L’UE interdit les études sur les banques russes visées par les sanctions

Le 22 octobre, la Commission européenne a interdit aux banques et aux autres sociétés financières de l’UE de mener des études analytiques sur les banques russes visées par les sanctions.

Commission européenne à Bruxelles. Crédits : flickr
Commission européenne à Bruxelles. Crédits : flickr

« Il est interdit de leur fournir directement ou indirectement des services d’investissement », peut-on lire dans un document publié par la Commission.

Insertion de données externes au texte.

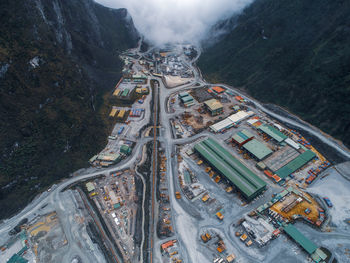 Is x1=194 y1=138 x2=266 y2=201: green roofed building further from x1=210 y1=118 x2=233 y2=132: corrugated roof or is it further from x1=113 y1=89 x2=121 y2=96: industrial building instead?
x1=113 y1=89 x2=121 y2=96: industrial building

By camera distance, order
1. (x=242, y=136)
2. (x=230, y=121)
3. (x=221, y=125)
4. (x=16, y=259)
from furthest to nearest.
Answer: (x=230, y=121), (x=221, y=125), (x=242, y=136), (x=16, y=259)

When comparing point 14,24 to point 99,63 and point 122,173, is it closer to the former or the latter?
point 99,63

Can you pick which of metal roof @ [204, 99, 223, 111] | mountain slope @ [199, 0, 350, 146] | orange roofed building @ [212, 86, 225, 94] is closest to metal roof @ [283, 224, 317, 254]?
mountain slope @ [199, 0, 350, 146]

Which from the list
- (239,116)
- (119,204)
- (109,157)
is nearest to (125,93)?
(109,157)

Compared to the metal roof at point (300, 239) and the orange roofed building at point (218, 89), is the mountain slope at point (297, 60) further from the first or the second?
the metal roof at point (300, 239)

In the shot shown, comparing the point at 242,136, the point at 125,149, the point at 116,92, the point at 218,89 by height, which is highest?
the point at 116,92

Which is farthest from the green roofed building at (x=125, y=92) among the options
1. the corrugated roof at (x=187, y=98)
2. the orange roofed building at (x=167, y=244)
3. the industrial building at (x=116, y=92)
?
the orange roofed building at (x=167, y=244)

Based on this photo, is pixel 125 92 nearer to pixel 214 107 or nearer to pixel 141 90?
pixel 141 90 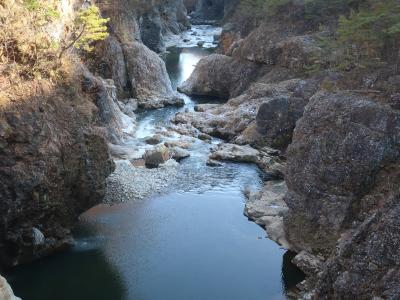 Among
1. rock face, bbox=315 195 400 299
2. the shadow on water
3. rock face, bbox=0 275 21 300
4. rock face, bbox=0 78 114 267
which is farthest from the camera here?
the shadow on water

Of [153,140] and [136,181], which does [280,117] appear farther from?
[136,181]

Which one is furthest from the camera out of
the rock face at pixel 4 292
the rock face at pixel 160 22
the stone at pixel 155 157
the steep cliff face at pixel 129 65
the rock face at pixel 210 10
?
the rock face at pixel 210 10

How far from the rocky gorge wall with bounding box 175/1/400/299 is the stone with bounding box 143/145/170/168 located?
19.2ft

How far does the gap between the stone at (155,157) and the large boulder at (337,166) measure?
376 inches

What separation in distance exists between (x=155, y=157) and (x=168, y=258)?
34.1 ft

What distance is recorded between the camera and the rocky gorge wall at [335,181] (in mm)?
12477

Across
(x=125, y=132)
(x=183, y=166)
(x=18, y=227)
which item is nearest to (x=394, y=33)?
(x=183, y=166)

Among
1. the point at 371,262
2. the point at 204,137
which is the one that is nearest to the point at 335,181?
the point at 371,262

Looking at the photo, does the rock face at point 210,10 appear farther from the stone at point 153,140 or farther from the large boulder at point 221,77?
the stone at point 153,140

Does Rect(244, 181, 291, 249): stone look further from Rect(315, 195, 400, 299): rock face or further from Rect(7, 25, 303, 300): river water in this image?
Rect(315, 195, 400, 299): rock face

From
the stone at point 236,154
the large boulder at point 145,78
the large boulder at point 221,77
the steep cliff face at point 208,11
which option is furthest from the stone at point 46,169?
the steep cliff face at point 208,11

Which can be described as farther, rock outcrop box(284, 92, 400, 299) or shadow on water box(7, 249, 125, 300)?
rock outcrop box(284, 92, 400, 299)

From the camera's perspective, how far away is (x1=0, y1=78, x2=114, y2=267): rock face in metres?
16.3

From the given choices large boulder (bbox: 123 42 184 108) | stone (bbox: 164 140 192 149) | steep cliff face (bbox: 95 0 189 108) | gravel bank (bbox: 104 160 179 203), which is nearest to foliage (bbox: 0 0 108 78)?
gravel bank (bbox: 104 160 179 203) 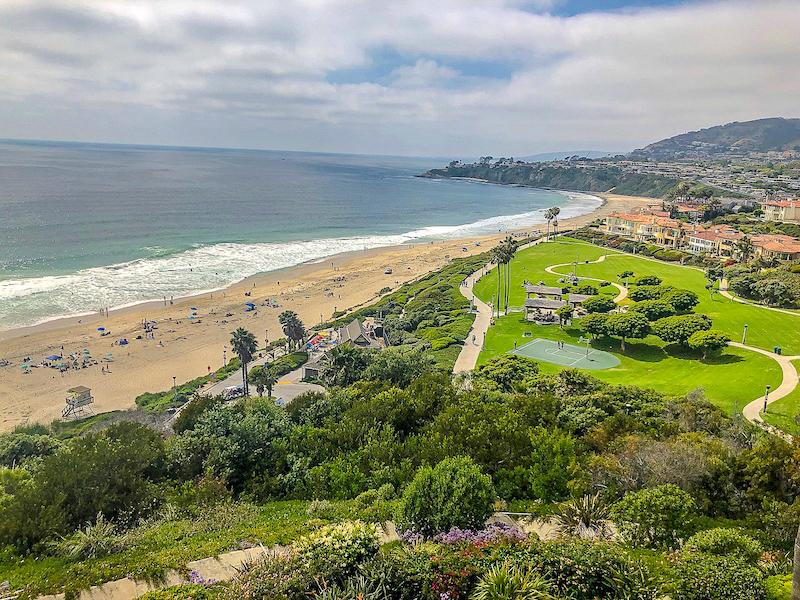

Bien que la publication de revues analytiques ne constitue pas formellement un service de conseil, ce genre de comptes-rendus donne des recommandations indirectes aux investisseurs. « L’analyse contenue dans l’étude aide en réalité les investisseurs potentiels à prendre une décision. Par exemple, celle de garder, acheter ou vendre leurs titres », explique-t-on dans le document.

Par conséquent, toute étude financière doit être considérée comme un service d’investissement, interdit par l’UE.

En juillet et septembre derniers, l’UE a introduit des restrictions à l’égard d’une série de banques russes – Sberbank, VTB, VEB, Gazprombank et Rosselkhozbank. En particulier, elle leur a interdit de se financer sur le marché pour une durée supérieure à 30 jours.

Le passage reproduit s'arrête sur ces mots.